A further object of the alternative embodiments is to provide a
stop assembly which employs a compression spring to enhance the
biasing force urging the pawl toward the engaged position. Yet
another object of the alternative embodiments is to realize
substantially all of the above objects of the invention with fewer
parts and reduced expense.
[0014] In light of at least one of the objects, the present
invention contemplates a door system including a door movable
between a closed vertical position and an open horizontal position,
a cable interconnected to said door near the bottom thereof, the
cable extending along a vertical line adjacent the door and being
normally, substantially taut, and an anti-drop assembly having a
pawl pivotally supported on the door, a stop surface formed
adjacent the door and a spring operable to urge the pawl toward
engagement with the stop surface, wherein the pawl is oriented such
that it rotates in a plane passing through the cable and placed in
contact therewith such that the taut cable opposes the biasing
force of the spring, whereby upon the cable going slack, the spring
biases the pawl into engagement with the stop surface to decelerate
the door.
[0015] The invention further provides a method of impeding the
free-fall of an overhead door caused by loss of tension in a cable
used in counterbalancing the door comprising, providing a safety
stop assembly adjacent the door adapted to selectively engage a
stop surface to impede the free-fall of the door; biasing the
safety stop assembly to rotate toward an engaged position with the
stop surface; and interposing the cable between the safety stop
assembly and the stop surface such that the cable when taut opposes
the biasing of the safety stop assembly and whereby a loss of
tension within the cable results in biasing of the safety stop
assembly toward engagement with the stop surface.

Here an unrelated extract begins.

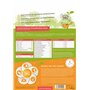 I Love my Cat Kit Alimentaire pour Les Chats atteints de gastrite Aliments secs 1,2 kg et Aliment Humide avec Insectes 6 x 100 g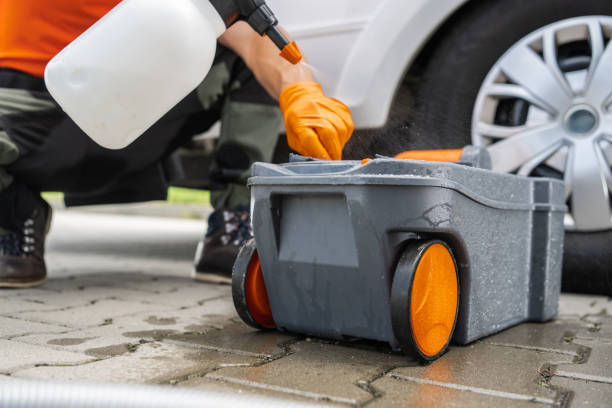 Best Local porta potty services  in Byram, CT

[0016] In general, the present invention also contemplates a door
system having, a door movable between a closed vertical position
and an open horizontal position, a cable attached to the door and
normally providing a counterbalancing force to the door, the cable
extending along a vertical line adjacent the door and being
normally substantially taut, and an anti-drop assembly having a
pawl pivotally supported on the door and attached to the cable, a
stop surface positioned adjacent to the door, and a spring operable
to urge the pawl toward engagement with the stop surface, wherein
when taut the cable opposes the biasing force of the spring and
wherein upon the cable going slack the spring urges the pawl into
engagement with the stop surface to decelerate the door.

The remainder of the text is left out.